CHP’li Feyzioğlu’ndan katillere müjde!

Ali İhsan Karahasanoğlu

Balyoz davası karar aşamasında..

Ancak savunma avukatları davaya girmiyorlar..

Baro da, kasten avukat görevlendirmiyor..

3 aydır mahkeme, bunların keyfini bekliyor.

Plan şu: Mahkemenin pes etmesini sağlamak.. Sanıkların istedikleri kıytırıktan delillerin toplanmasını sağlamak.

Sonuçta o delillerle bir yere varılamayacak ama..

Karar verilmeden, kamuoyunun kafası karıştırılıp, lehe kanaat oluşturulacak.

Bunun için, sadece savunma avukatları değil, CHP de büyük bir çaba ile hedefe kilitlenmiş durumda.

CHP MYK’sına seçilen Ankara Baro Başkanı Prof. Metin Feyzioğlu bir açıklama yapmış.

Açıklamasında diyor ki, “Avukatlar figüran değildir.”

Oysa avukatlar talep ediyor.. Mahkeme ise, “Sonuca etkili değil” diyerek reddediyor.

İtirazınız varsa, zaten Yargıtay bunu inceleyecek.

Niye fiili durum oluşturuluyor?

Karar verilmesini önlemek için, davayı uzatmak için, duruşmalara girilmiyor?

Veya Feyzioğlu’nun sorusunun tersini soralım: “Hakimler figüran mıdır?”

Öyle ya..

İtirazınız olan bir kararın verilmesini önlemek için, savunma yapmıyorsanız. Bir de üstelik, “Avukatlar figüran değildir” diyorsanız, o zaman size sorarlar, “Sizin her dediğiniz olacaksa, hakimler figüran mıdır?”

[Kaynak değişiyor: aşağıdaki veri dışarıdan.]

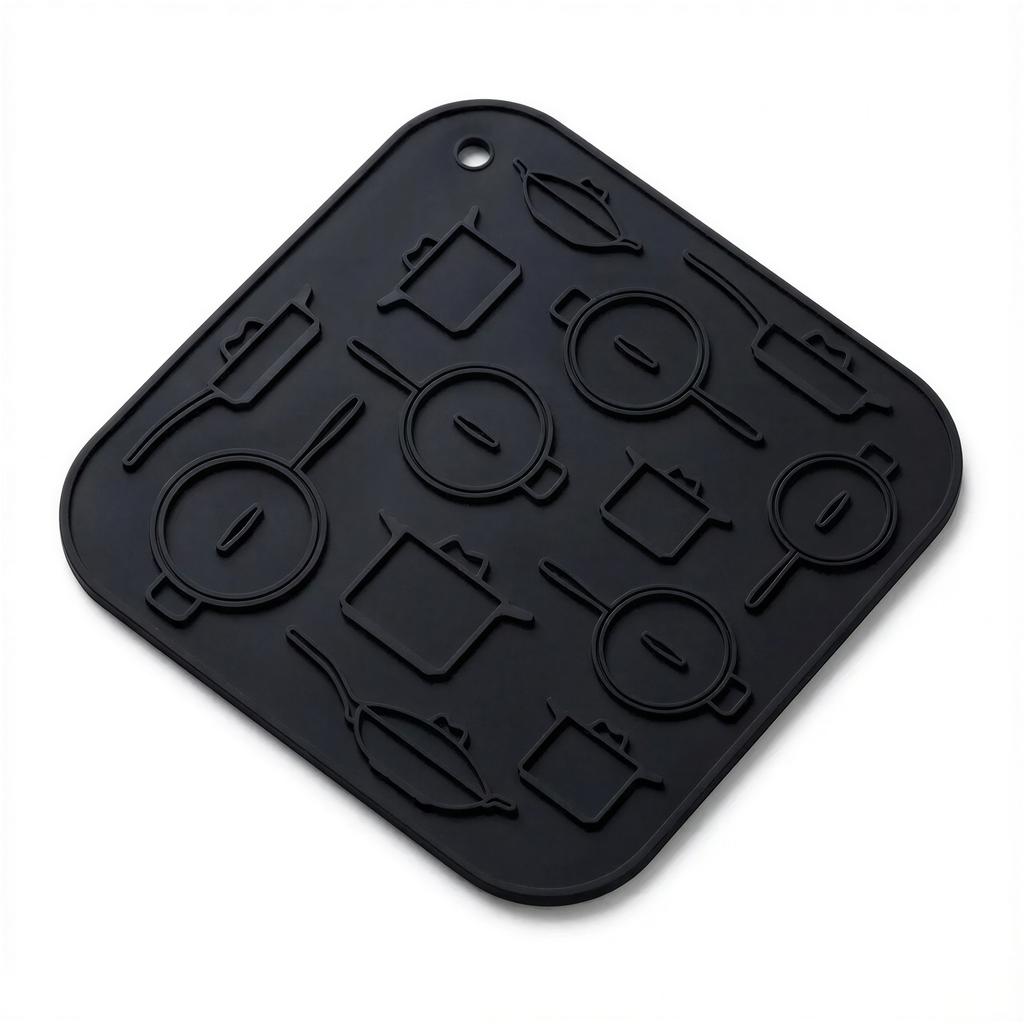 ANTI-SLIP SILICONE PROTECTIVE PAD FOR HOT POT, BLACK 17cm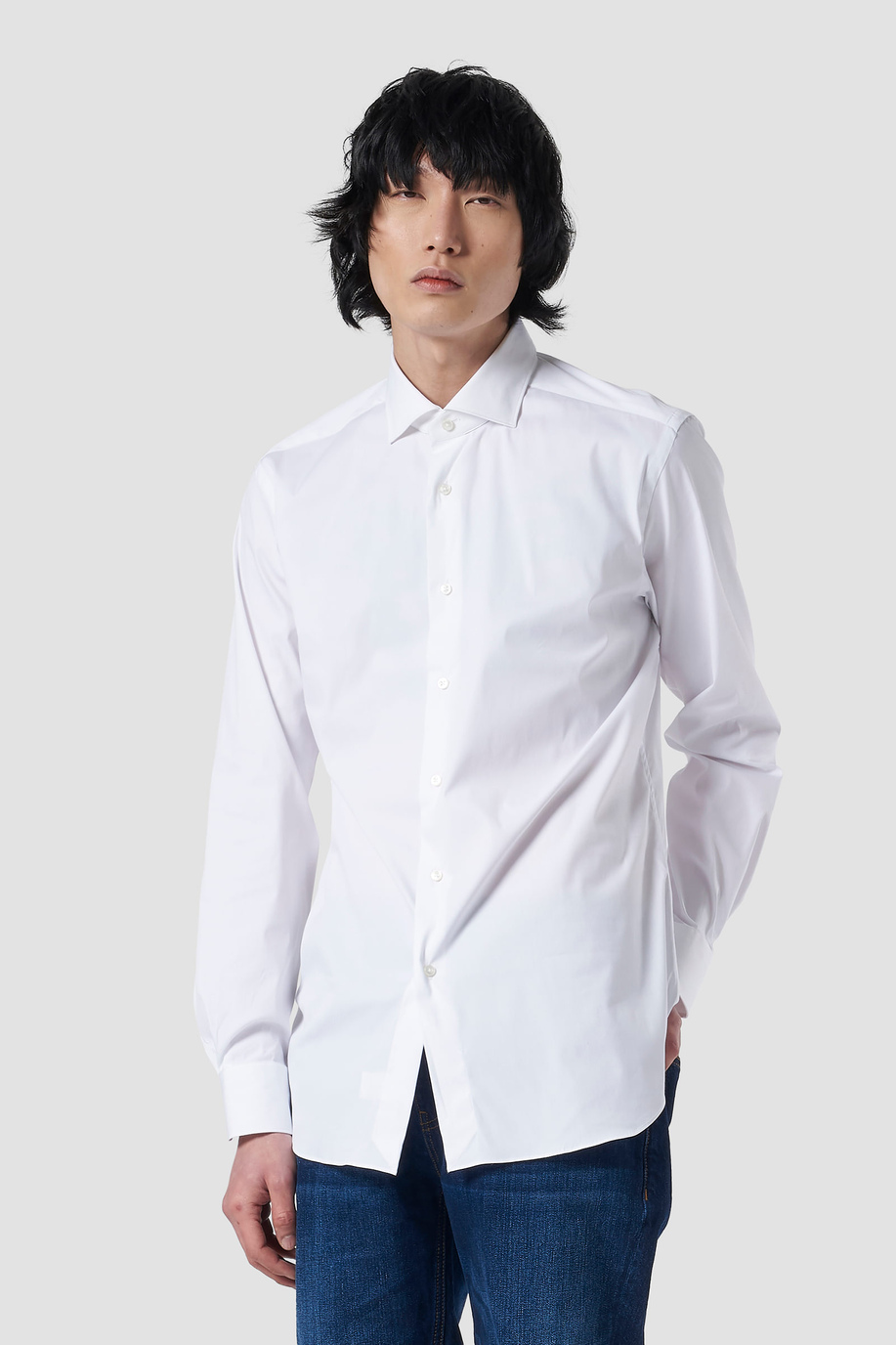 Camisa de algodón en color liso - Ropa | La Martina - Official Online Shop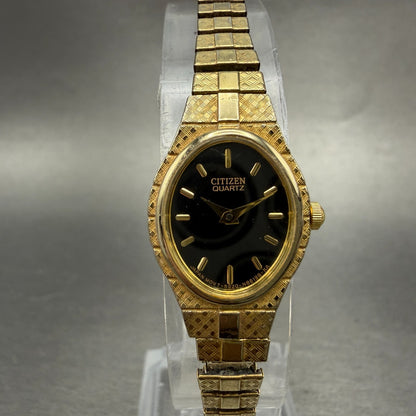 Citizen Watch Women 17mm Black Dial Gold Tone Oval 5920-S96494 New Battery VTG0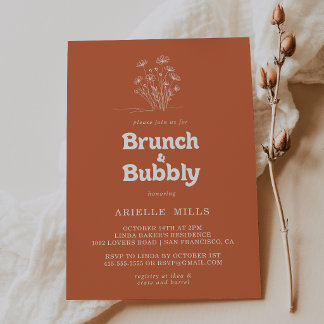 Terrakotta Wildflower Brunch Bubbly Bröllopsdusch Inbjudningar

Deva ediyor CHP’li darbe savunucusu Feyzioğlu: “CMK’ya göre bu davada avukatsız tek bir celse bile yapılamaz. Avukatlar esas hakkında savunma yapmadan hiçbir şekilde hüküm verilemez.”

Ne güzel iş bu..

Feyzioğlu’nun dediği doğru ise, adam öldürenler, 5 yılda tahliye olacaklar demektir.

Nasıl?

Savunma yapmasınlar. Savunma yapmayınca karar verilemeyeceğine göre, mahkeme karar veremeyecek. Ama en uzun tutukluluk süresi de 5 yıl olduğundan, hakim mecburen, 5 yılın sonunda tahilyeye karar verecek, böylece katiller, 24 yıl yerine, 5 yılda cezaevinden çıkacaklar.

Öyle mi, Feyzioğlu?

Bunu mu istiyorsunuz? Bu uygulamanın doğru mu olduğunu iddia ediyorsunuz?

Devam ediyor Feyzioğlu: “Burada çözüm mahkemenin CMK’yi bir bütün olarak uygulaması ve delillerin tartışılmasına izin vermesidir.”

Yani ne yapılacak?

Avukatlar ne istiyorlarsa, o delil toplanacak.

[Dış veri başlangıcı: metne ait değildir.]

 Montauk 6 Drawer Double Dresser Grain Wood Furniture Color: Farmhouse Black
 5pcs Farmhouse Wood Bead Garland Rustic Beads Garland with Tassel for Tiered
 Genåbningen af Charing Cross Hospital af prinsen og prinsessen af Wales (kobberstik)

Mahkemenin bu konuda bir karar vermesi gerekmiyor mu?

Feyzioğlu’na göre gerekmiyor.

O zaman avukat taep edecek: “Ayşe Teyze, Balyoz darbesi hakkında bilgi sahibidir.kendisi gelip, ifade ermelidir.”

“Ayşe Teyze de kim?” demeyin sakın.

Avukatlar figüran mı?

“Ayşe Teyze dinlenecek” dedilerse, dinlenecek.

Sonra?

Sonra bir başka avukat talep edecek: “2003 darbe iddiası hakkında, Güven Erkaya’nın bildiklerini anlatması sağlanmalıdır.”

İyi de beyler..

Güven Erkaya 2000 yılında ölmedi mi?

Ne bir şey bilmesi mümkün, ne de toprağın altından çıkıp, tanıklık yapması mümkün..

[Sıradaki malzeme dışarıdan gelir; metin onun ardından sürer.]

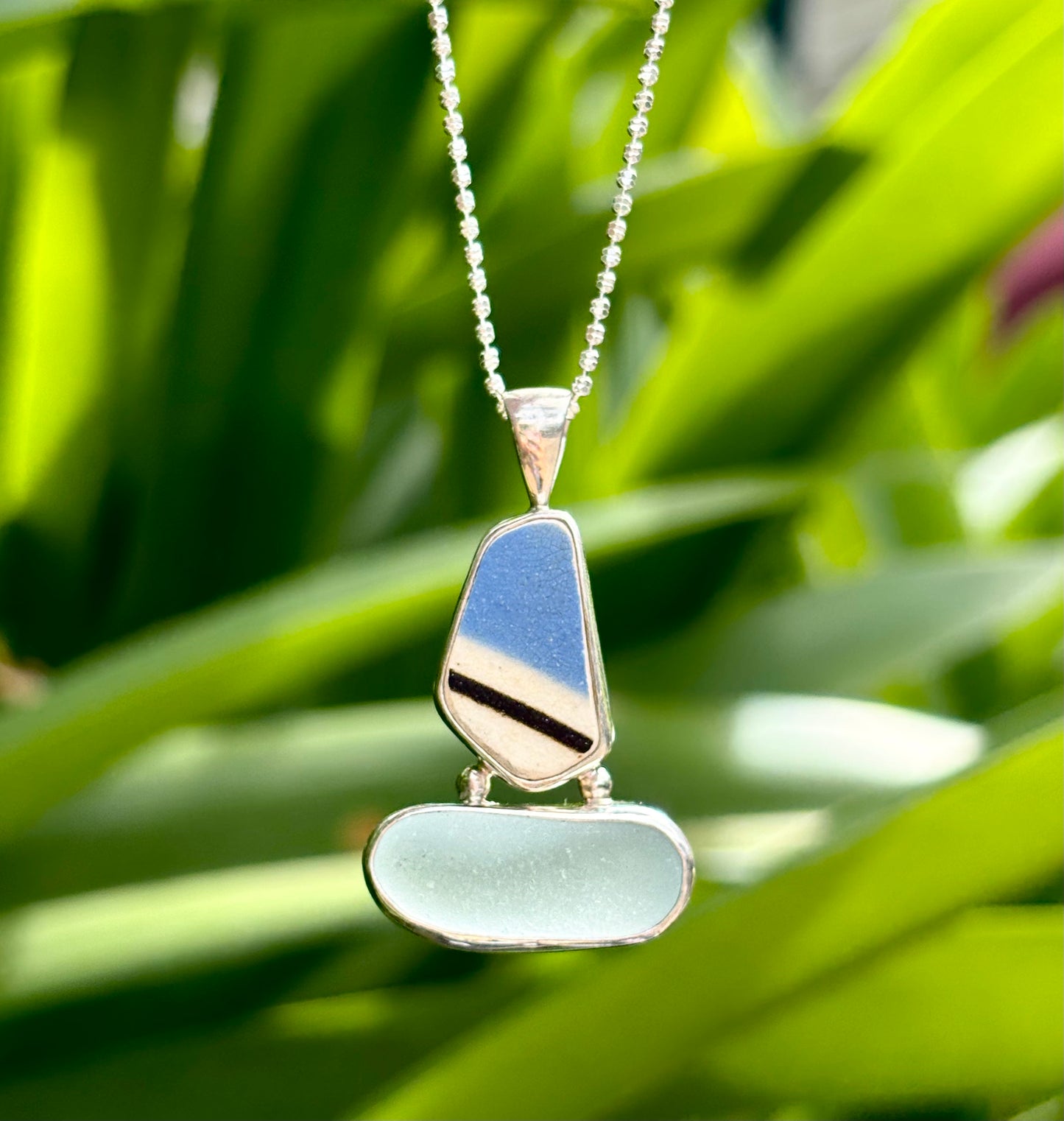 Mochaware Chaney & Blue Sea Foam Glass Pendant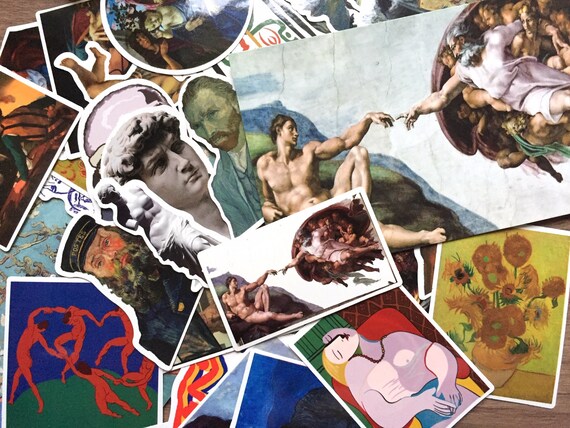50pcs Famous Artists Stickers Pack Van Gogh Art Renaissance Old Paintings Images 50pcs Famous Artists Stickers Pack Van Gogh Art Renaissance Old Paintings Images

Olsun, Feyzioğlu’nun danışmanlığında, general avukatları talep ediyor.. Dolayısı ile, Erkaya mutlaka dinlenmeli..

Yoksa?

Yoksa duruşmalara girmez, savunma avukatları..

Tanıklardan başka ne deliller var, toplanması gereken?

“Efendim bir subayımız, darbe planının tartışıldığı seminerin yapıldığı tarihde, yurtdışında imiş. Dolayısı ile buna dair belgeler getirilmeli.”

İyi de kardeşim..

Bir adamı, cinayetin tetikçisi olmakla suçlarsınız. Cinayet nerde ve ne zaman işlendi ise, tetikçinin o saatte orada olmadığını ispat ederek faillikten kurtulma imkanı var da..

Suçlama bir cinayet değil ki.

Zamana yayılan bir darbe girişimi..

Seminer tarihinde yurtdışında olsan bile, öncesinde hazırlayıcılar arasında olabilirsin..

Kaldı ki, illa seminere katılman şart değil ki.. Telefonla da yönetebilirsin, gelişmeleri.

İsnat edilen suç şekli, tipik hareketli bir suç değil ki..

Olsun, bizim delilimiz toplansın.

Haydi onu da toplayalım.

Bir başkası kafayı çıkaracak: “Dosyadaki CD’ler, 2003 tarihli değil. 2005 sonrasına ait.Bununla ilgili bilirkişi raporu alınsın.”

Haydaaa.

Sanki sanıklara isnat edilen suç, CD’yi hazırlamak.

“Siz bu CD’yi hazırladınız.Bu CD’yi hazırlamak suçtur” diyen var, sanki..

CD’ler, sadece darbe hazırlığı ile ilgili delilleri içeren bir dökümandan ibaret..

Bu CD de olabilirdi.. Bir ajandaya yazılan notlar da olabilirdi.. Bir başka belge de olabilirdi.. Hatta hiçbirisi olmaz, sadece şahitler olabilirdi..

CD olmasaydı, suç ortadan kalkmış mı olacaktı?

Niye CD’ye kafayı taktınız ki siz?

Uzun lafın kısası, düne kadar, “Dava uzuyor, mağdur oluyoruz” diyenler.Şimdi davayı uzatmak için, her çareyi zorluyorlar..

Ama görünen o ki, karar yakında çıkacak.. CHP’li engelleyicilerin kafa karıştıran çözümleri, darbecilere çare olmayacak!